The Pseudo-Reachability Problem for Diagonalisable Linear Dynamical Systems

TL;DR

This paper investigates pseudo-reachability in diagonalisable linear dynamical systems, establishing decidability results for discrete and continuous-time cases using o-minimality and reductions to classical problems.

Contribution

It proves decidability of discrete-time pseudo-reachability with semialgebraic targets and reduces continuous-time pseudo-reachability to classical time-bounded reachability.

Findings

Decidability of discrete-time pseudo-reachability for diagonalisable systems.

Reduction of continuous-time pseudo-reachability to classical time-bounded reachability.

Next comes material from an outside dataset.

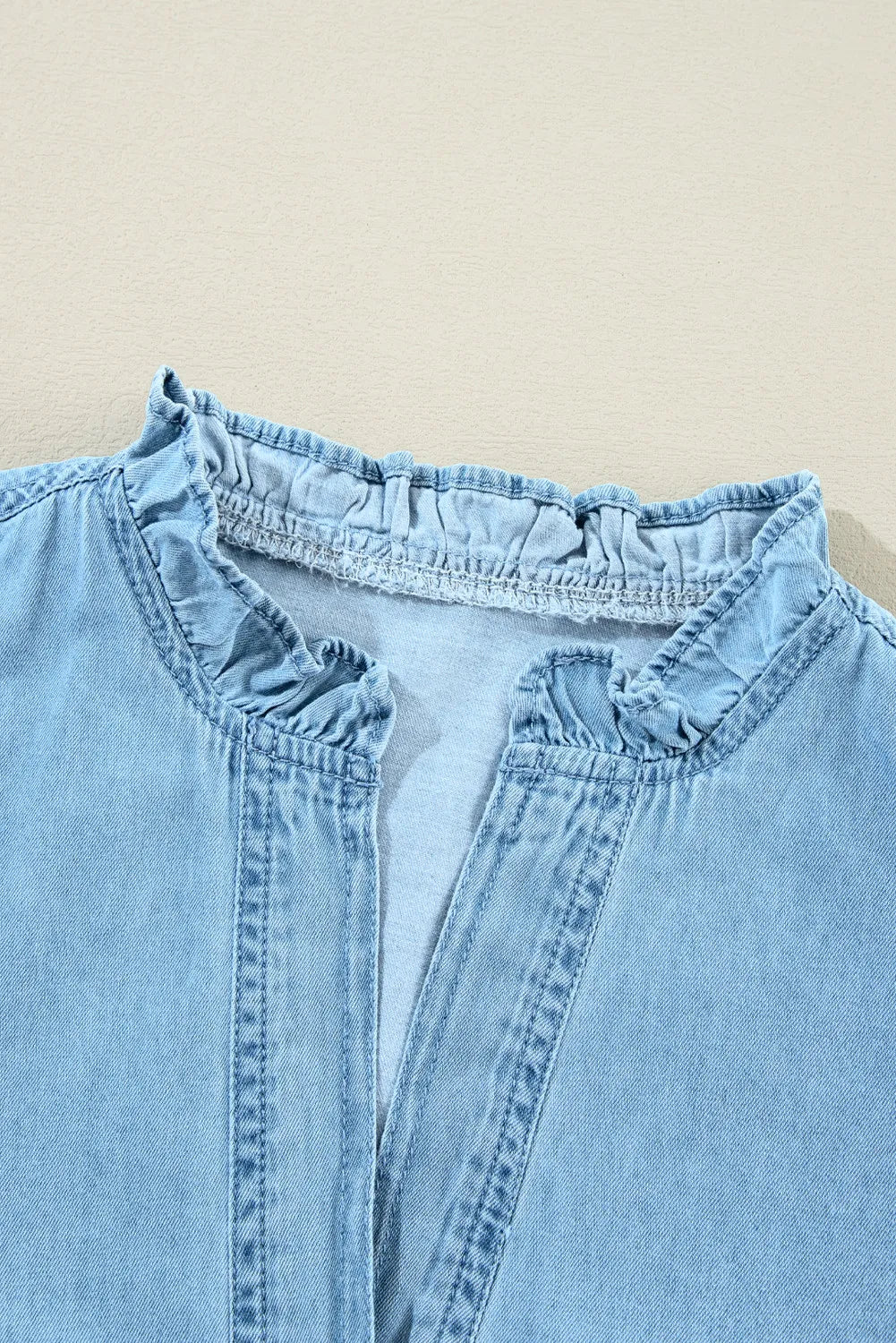 Light blue denim shirt dress with ruffled collar and button placket detail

Application of o-minimality to reachability problems.

Abstract

We study fundamental reachability problems on pseudo-orbits of linear dynamical systems. Pseudo-orbits can be viewed as a model of computation with limited precision and pseudo-reachability can be thought of as a robust version of classical reachability. Using an approach based on $o$-minimality of $\reals_{\exp}$ we prove decidability of the discrete-time pseudo-reachability problem with arbitrary semialgebraic targets for diagonalisable linear dynamical systems. We also show that our method can be used to reduce the continuous-time pseudo-reachability problem to the (classical) time-bounded reachability problem, which is known to be conditionally decidable.